Seis años después de "Amor", con la que Michael Haneke obtuvo su segunda Palma de Oro, el director austríaco regresa mañana a las pantallas españolas con "Happy End", retrato sin concesiones de una familia en estado de descomposición que le sirve para criticar la indiferencia de la sociedad.

La falta de empatía o la brecha generacional, temas recurrentes de una trayectoria que comenzó a los 46 años, se condensan en una cinta protagonizada por un clan de burgueses en la localidad francesa de Calais, agujero negro de la migración europea al que estos dan la espalda.

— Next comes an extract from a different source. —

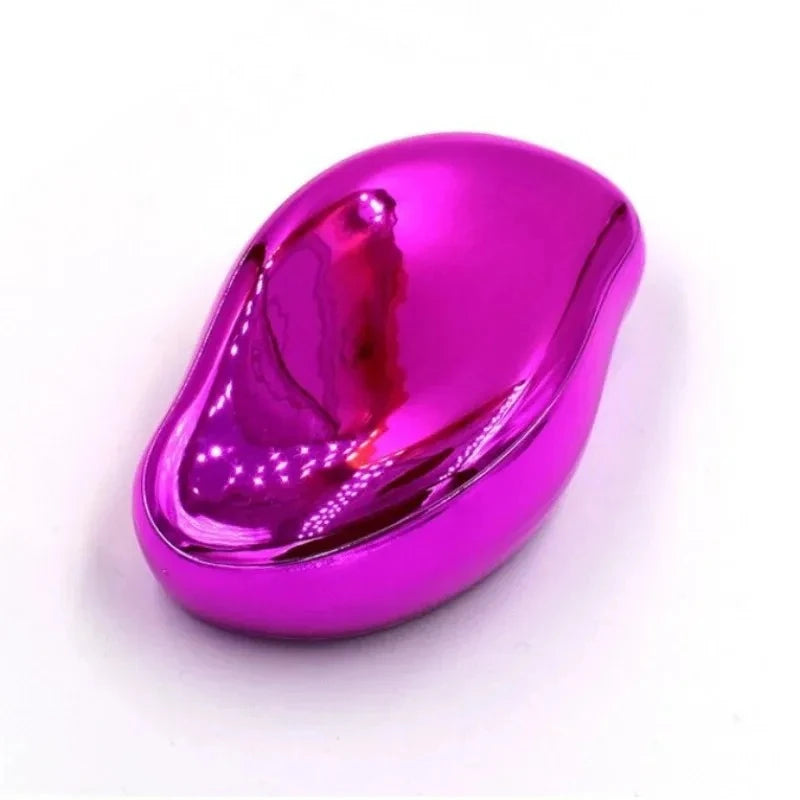 New Physical Nano Glass Epilator Exfoliator Senseless Hair Removal Tool Painless Hair Removal No Skin Damage Hair Sharpener Zpaxo rose red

"Soy tan ignorante sobre los inmigrantes como los protagonistas. Lo que puedo mostrar es ese autismo, esa ceguera, ese rechazo de la realidad por parte de los personajes", indica en un encuentro con periodistas el cineasta sobre un filme presentado en la edición de 2017 del Festival de Cannes, donde se consagró por primera vez con "La cinta blanca" (2009).

En "Happy End" nadie escapa a su sarcástica visión. Ni el patriarca (Jean-Louis Trintignant), que quiere quitarse la vida mientras le queden facultades, ni su hija (Isabelle Huppert), que lucha por mantener a flote la constructora familiar, ni su hijo (Mathieu Kassowitz), que tras el intento de suicidio de su esposa queda a cargo de su pequeña.

"Muchos de mis personajes son ambiguos. Todos tenemos un lado oscuro, impulsos. A menudo se ve a los niños de forma falsamente inocente, pero hay que tener en cuenta que son la expresión del medioambiente que los rodea", dice Haneke.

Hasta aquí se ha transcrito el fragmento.